### Exercise data

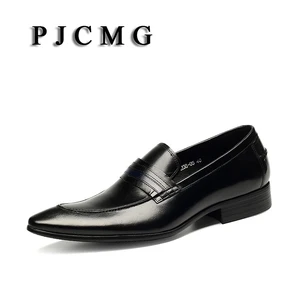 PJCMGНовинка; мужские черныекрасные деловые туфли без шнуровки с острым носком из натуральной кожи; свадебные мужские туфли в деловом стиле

######
### Exercise data

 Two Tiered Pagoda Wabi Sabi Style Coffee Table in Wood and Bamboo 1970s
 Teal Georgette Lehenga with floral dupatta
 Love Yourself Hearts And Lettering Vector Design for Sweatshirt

######

From the material above, retype precisely the lines between the line holding "Teal Georgette Lehenga with floral dupatta" and the line holding "Love Yourself Hearts", inclusive, and nothing beyond them.

§ Response area:
 Teal Georgette Lehenga with floral dupatta
 Love Yourself Hearts And Lettering Vector Design for Sweatshirt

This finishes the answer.